DATASET EXTRACT Start Marker
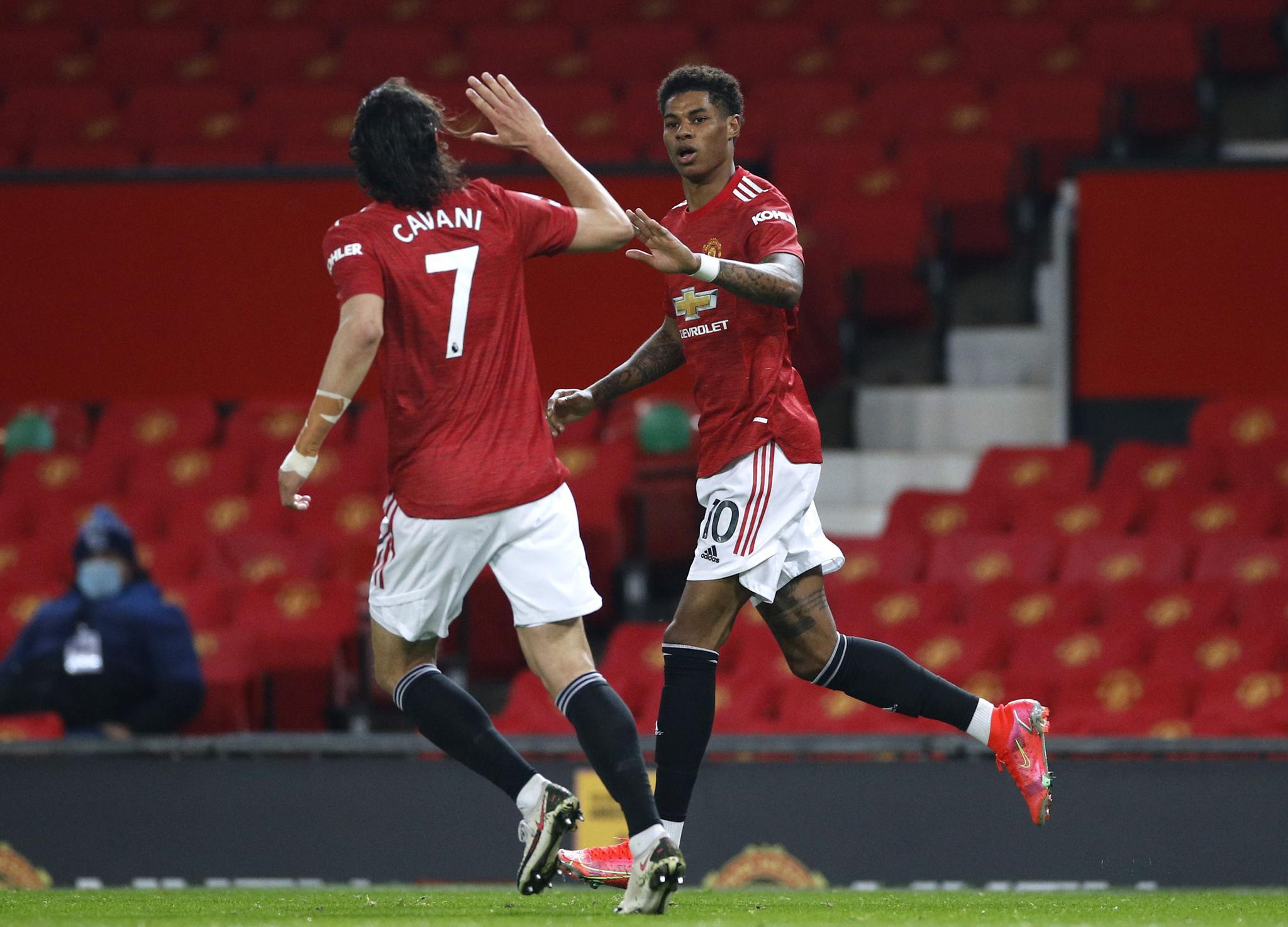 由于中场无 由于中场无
DATASET EXTRACT End Marker
DATASET EXTRACT Start Marker
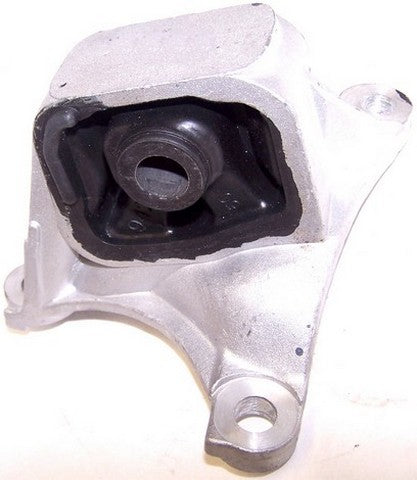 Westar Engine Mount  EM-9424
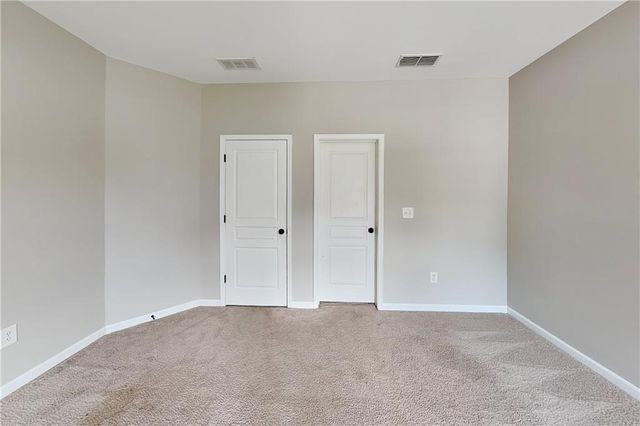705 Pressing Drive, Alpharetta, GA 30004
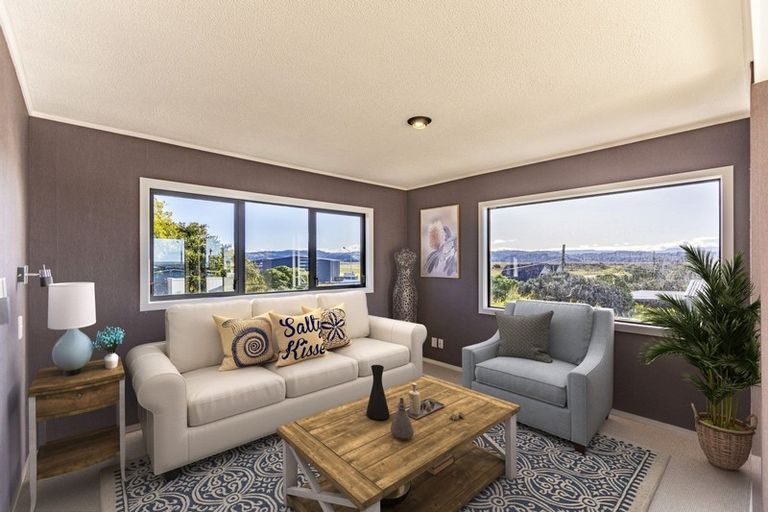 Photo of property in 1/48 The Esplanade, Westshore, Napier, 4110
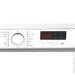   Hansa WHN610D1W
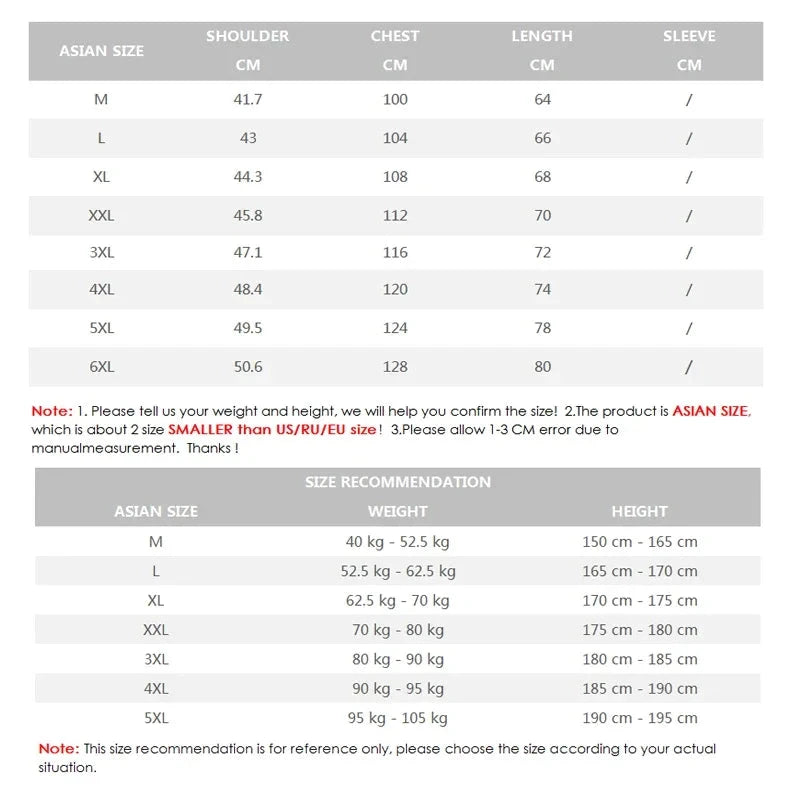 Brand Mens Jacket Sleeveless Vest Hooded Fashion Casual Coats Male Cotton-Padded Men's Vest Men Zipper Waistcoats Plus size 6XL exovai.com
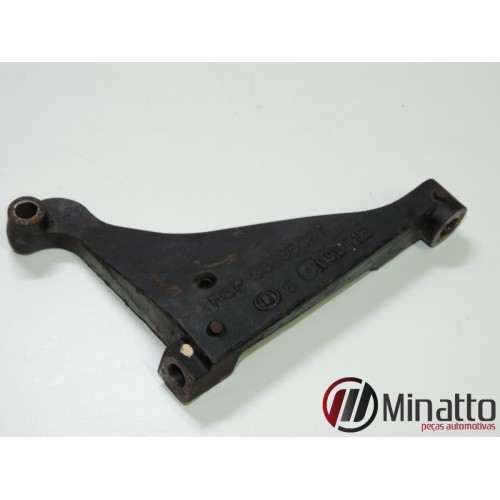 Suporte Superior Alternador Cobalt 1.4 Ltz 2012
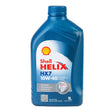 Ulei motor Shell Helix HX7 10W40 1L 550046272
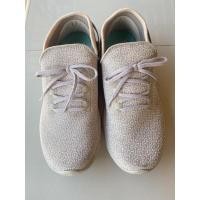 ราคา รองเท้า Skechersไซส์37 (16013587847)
DATASET EXTRACT End Marker
- WHAT YOU NEED TO DO -
Output only the lines above from the line that holds "Westar Engine Mount" through the line that holds "ราคา รองเท้า Skechersไซส์37 (16013587847)", both ends included, and exclude pictures.

- ANSWER SECTION -
 Westar Engine Mount  EM-9424
705 Pressing Drive, Alpharetta, GA 30004
 Photo of property in 1/48 The Esplanade, Westshore, Napier, 4110
   Hansa WHN610D1W
 Brand Mens Jacket Sleeveless Vest Hooded Fashion Casual Coats Male Cotton-Padded Men's Vest Men Zipper Waistcoats Plus size 6XL exovai.com
 Suporte Superior Alternador Cobalt 1.4 Ltz 2012
 Ulei motor Shell Helix HX7 10W40 1L 550046272
 ราคา รองเท้า Skechersไซส์37 (16013587847)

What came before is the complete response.